Sholat adalah ibadah wajib yang harus dilakukan oleh setiap
muslim dalam keadaan apapun. Bahkan ketika tidak mampu berdiri, boleh dengan
duduk atau berbaring. Tapi bolehkah sholat sunnah dengan duduk jika tidak
sakit? Untuk menjawab pertanyaan akhi Wawan, perlu diperhatikan beberapa poin
berikut untuk selanjutnya dapat diambil sebuah istimbath atau kesimpulan hukum.
Pertama, shalat adalah ibadah yang harus mengikuti tata cara
hingga bacaannya dari Rasulullah saw.
Sebagaimana beliau saw tegaskan, “Shalatlah sebagaimana
kalian melihat aku shalat.” (HR. Bukhari). “Melihat” beliau shalat bermakna
harus ada dalil yang melandasi, sebagaimana yang tertera dalam rangkaian
hadits-hadits.
Kedua, hukum shalat secara umum (fardhu dan sunnah) terkait
dengan kemampuan orang yang shalat diatur dengan tidak ada paksaan atau
semampunya.
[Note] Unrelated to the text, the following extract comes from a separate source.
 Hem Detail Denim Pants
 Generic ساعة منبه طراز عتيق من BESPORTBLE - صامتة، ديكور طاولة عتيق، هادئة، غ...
Sebagaimana dilegitimasikan oleh Rasul saw, “Shalatlah sambil
berdiri, maka jika tidak mampu diperkenankan dengan duduk, dan jika tidak mampu
lagi (duduk), maka shalat dengan berbaring.” (HR. Bukhari).
Inilah yang disebut dengan rukhshah atau keringanan karena
ada udzur syar’i yang menghalangi kemampuan menunaikan shalat dengan berdiri
(hukum asal). Dalam kondisi rukhshah, baik dalam shalat fardhu maupun shalat
sunnah maka nilai pahalanya adalah sempurna, seperti yang melakukan dengan
berdiri. Demikian pula dalam shalat fardhu, jika masih mampu, maka tidak
diperkenankan melakukan seperti dengan dalih hukum adanya udzur syar’i.
Ketiga, adapun mengenai shalat sunnah, sebagaimana
disebutkan oleh Sayyid Sabiq dalam karya monumentalnya, Fikih Sunnah, ada hukum
khusus dalam shalat sunnah, yaitu terkait dibolehkannya menunaikanya sambil
duduk, meskipun ia masih mampu berdiri atau tidak ada udzur syar’i. Hal ini
juga sebagaimana dinyatakan oleh Imam Hasan al-Bashri yang berpendapat boleh
shalat sunnah dengan duduk.
Namun perlu diperhatikan, jika melihat dalil yang digunakan,
dapat katakan bahwa nilai pahalanya menjadi separuh dari yang tetap
melaksanakan sambil berdiri. Sebagaimana disebutkan dalam sebuah hadits, bahwa
Abdullah bin Amru bin al-Ash pernah bertanya kepada Rasul saw tentang seseorang
yang shalat sunnah sambil duduk. Rasulullah saw menjawab, “Dia mendapat separuh
dari shalat dengan berdiri.” (HR. Ahmad).
Legitimasi boleh shalat sunnah sambil duduk juga dikuatkan
dengan penjelasan Aisyah ra tentang shalat Malam Rasulullah saw, tepatnya
ketika ditanya oleh Abdullah bin Syaqiq. Aisyah menjawab, “Beliau shalat malam
sangat lama sambil berdiri dan kadang sambil duduk. Jika beliau melaksanakan
shalat malam dengan berdiri ketika membaca surah, maka demikian pula ketika
rukuk. Jika beliau melakukan shalat malam dengan duduk ketika membaca surah,
maka demikian pula ketika rukuk.” (HR. Muslim)
Keempat, Oleh karena itu, jika Anda melihat ada orang yang
shalat sunnah sambil duduk, maka ia diperkenankan oleh syariat. Namun tetap
lebih utama –jika tidak ada udzur—untuk melakukan dengan berdiri, normal
seperti hukum asalnya. Hal ini berdasarkan bunyi sabda Rasul saw, “Jika shalat
sambil berdiri, maka itu lebih afdhal. Jika shalat sambil duduk, maka pahalanya
separuh dari yang berdiri. Barangsiapa shalat sambil tidur, itu separuh dari
pahala orang yang duduk.” (HR. Bukhari).
Dan penting dicatat, tentu legitimasi tersebut tidak tepat
jika dilakukan sebagai dalih “bermalas-malasan” shalat, setiap kali shalat
sunnah, dan terus dilakukan tanpa menghiraukan mengoptimalkan kemampuan.
Demikian pula lebih utama dihindari bila ditakutkan menjadi salah paham bagi
khalayak umum yang masih belum mengetahui tentang hukumnya.